By Marsha Kay Seff
The other day when my friend visited her 88-year-old mother in her retirement home and told her — again — that she couldn’t live on chocolate alone, her mom gave her “the finger.”
Not funny after all Jane had done for her mom, including inviting her into her home for two years, then finding her a succession of appropriate retirement facilities as needed. But I did laugh when I heard the story.
Much of caregiving is frustrating and unrewarding. Often, it’s just plain tough. And we’re certainly not always appreciated for our efforts.
None of us adult children had the luxury of sitting down and deciding whether we wanted the job. It just landed on our plates.
But take on the job we did — some more graciously than others. And I suspect that many envy siblings who choose not to pitch in.

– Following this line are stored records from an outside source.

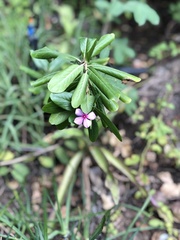 Catharanthus roseus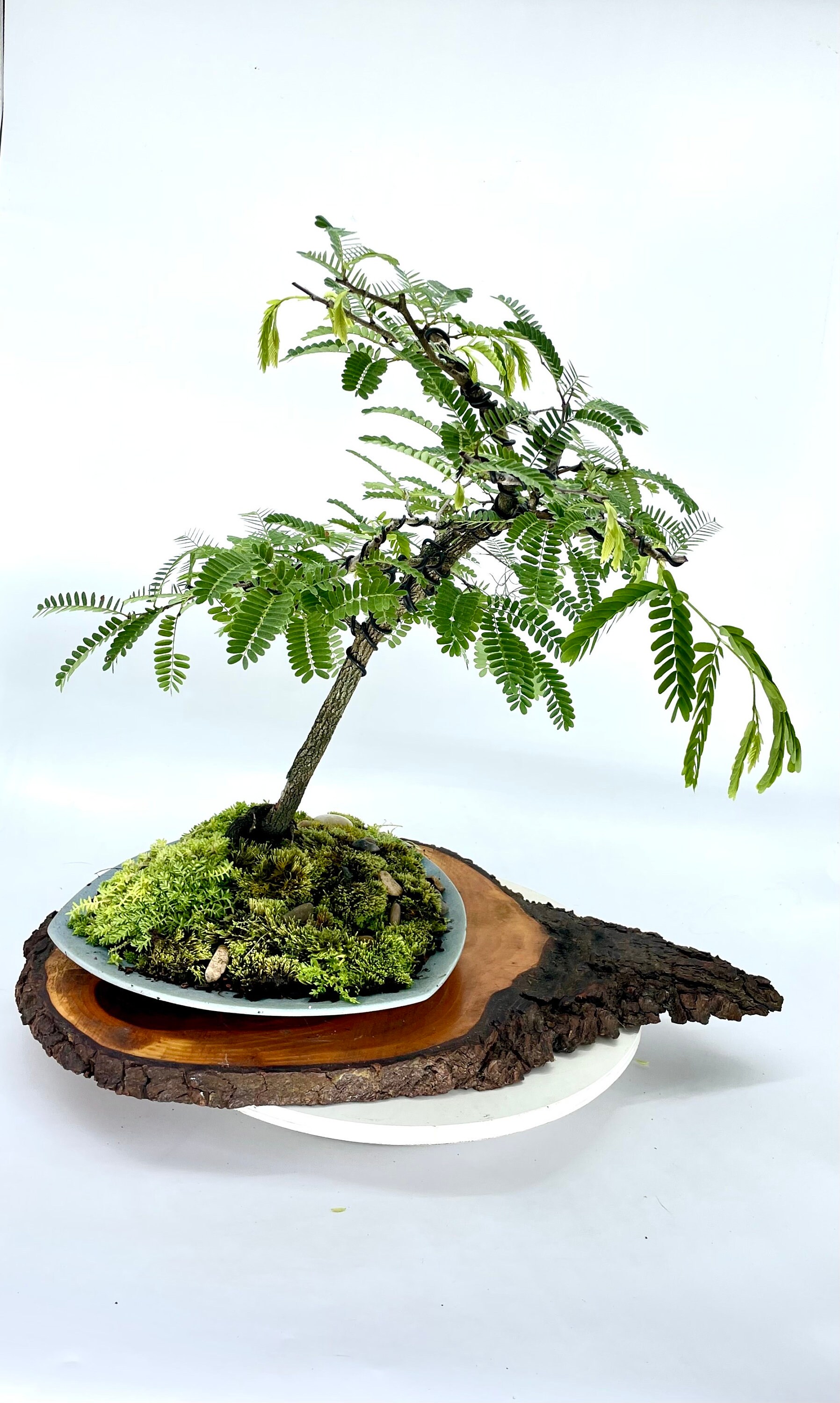 Tamarind Bonsai Tree, "asian Wonder" Collection From Samurai Bonsai - Etsy  Israel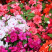 Бальзамин Уоллера Афина Смесь F1 (SD) - 100 шт.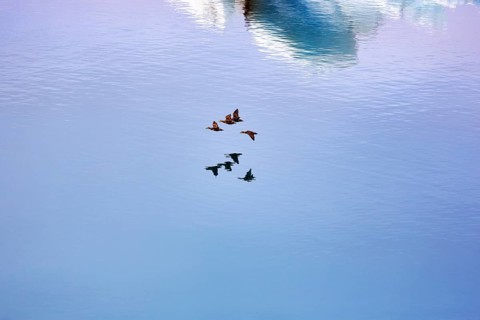 Flock of birds flying over JökulsÃ¡rlÃ³n glacier lagoon, Jökulsarlon, glacial lake, HornafjörÃ°ur,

Family caregivers do this often thankless job for an assortment of reasons. We believe we owe it to our parents. We feel responsible for them, because someone needs to be. We’d feel guilty if we didn’t step in. Many see the job as an honor.
If we’re lucky, we love our parents and really want to help. And if we’re very lucky, we find some pleasure, satisfaction and joy in the job.
When I first started caring for my parents, my mom and I argued a lot. Eventually, I realized that as long as I was doing the job, it didn’t make sense for both of us to be miserable. This ah-hah moment made things easier for both of us most of the time.
Sure, Mom resented the fact that she’d lost much of her independence and was increasingly dependent on me for her health and welfare. But because of the inevitability, we tried to see the positives.
I made sure we had fun when we were together. When I had to make a decision she didn’t like, we both tried to laugh about it:
“I’m still the mother,” she used to say.
“Yes, but I get the big bucks for making the big decisions,” I answered. “Besides, I’m always right.”
If you’re as fortunate as I was, you’re able to enjoy parts of this roller coaster journey. You might get to know your parents better. You might even garner some insight into why you ended up the way you have. In the end, you’ll probably be satisfied that you did your best.
Like me, your parents might tell you how much you’re loved and appreciated. You might never get “the finger.”